*** Block opens ***

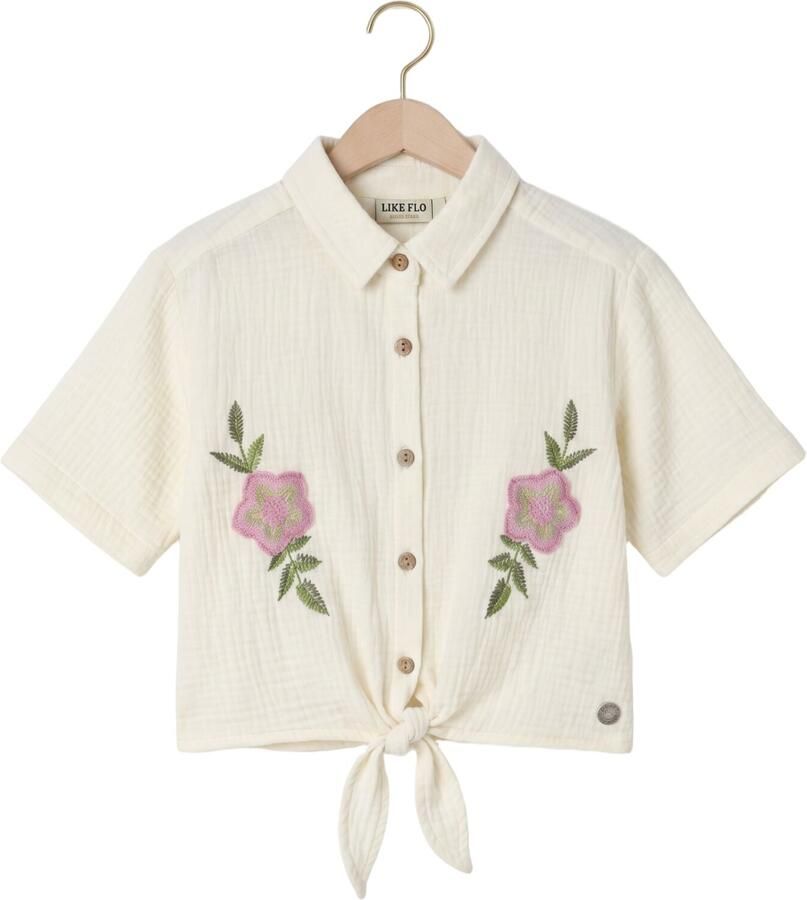 LIKE FLO Meisjes Blouses Cecile Knotted Oversized Blouse Creme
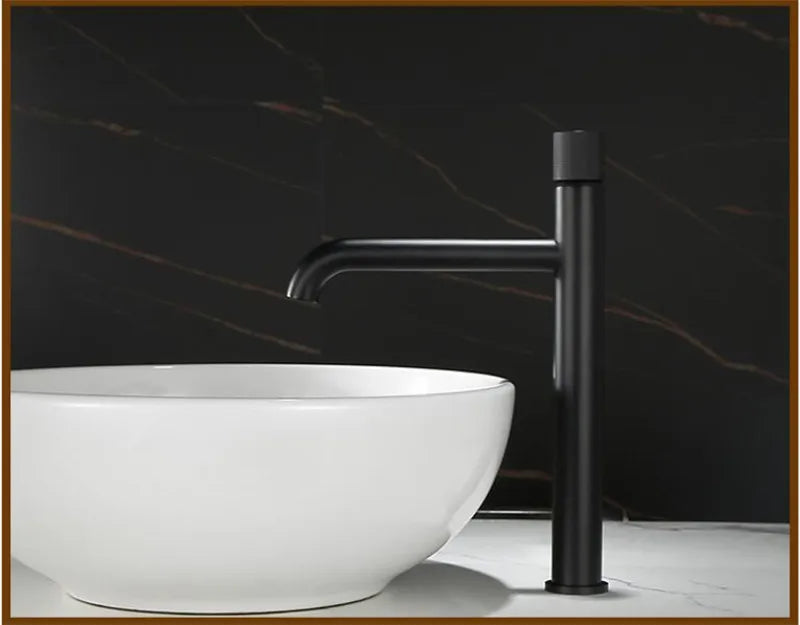 DecorBites™ Brushed Gold Basin Faucet - Single Handle, Deck Mounted Cold & Hot Water Mixer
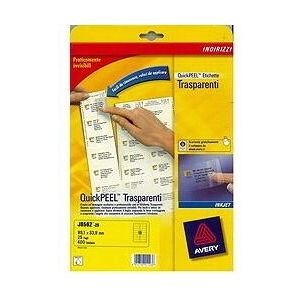 Avery J8562-25 Label - Transparent - 99.1 x 33.9 mm - 25 Sheets Avery J8562-25 Label - Transparent - 99.1 x 33.9 mm - 25 Sheets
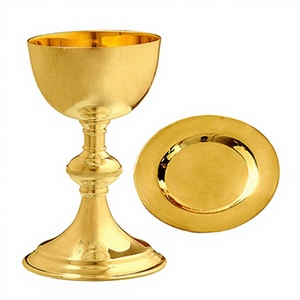 Polished Brass Chalice and Paten Set | Classic <b>Communion</b> <b>Cup</b> & Plate – DOUBLE VEE EXPORTS - Product Image 1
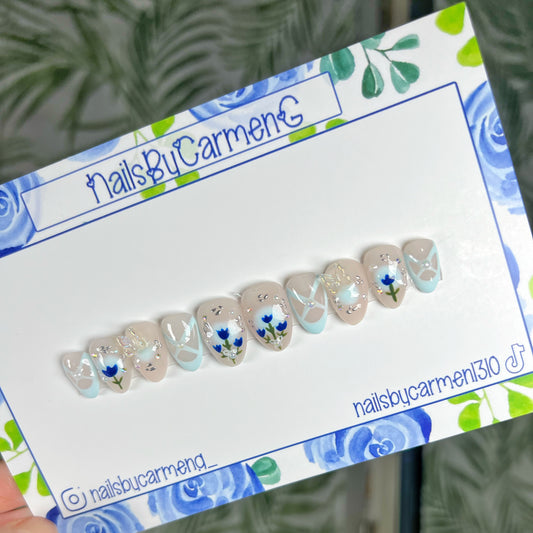 Ballerina blue tulips Acrylic Press on nails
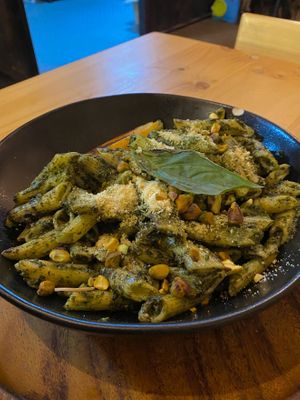 Pistacho pesto   at Earthly Kitchen in San Jose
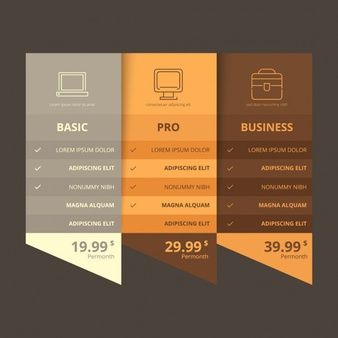 Creative illustration of pricing table with four options isolated | Premium Vector Pricing Table Design Layout, Package Price List Design, Price Package Design, Pricing Sheet Design, Table Chart Design, List Design Layout, Table Design Layout, Rate Card Design, Table Graphic Design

*** Block closes ***

*What is required:*
What is needed is an exact retyping of the lines from the start of the data through the line with "in San Jose", with both end lines kept and every picture left out.

*Response for this exercise:*
 LIKE FLO Meisjes Blouses Cecile Knotted Oversized Blouse Creme
 DecorBites™ Brushed Gold Basin Faucet - Single Handle, Deck Mounted Cold & Hot Water Mixer
 Avery J8562-25 Label - Transparent - 99.1 x 33.9 mm - 25 Sheets Avery J8562-25 Label - Transparent - 99.1 x 33.9 mm - 25 Sheets
 Polished Brass Chalice and Paten Set | Classic <b>Communion</b> <b>Cup</b> & Plate – DOUBLE VEE EXPORTS - Product Image 1
 Ballerina blue tulips Acrylic Press on nails
 Pistacho pesto   at Earthly Kitchen in San Jose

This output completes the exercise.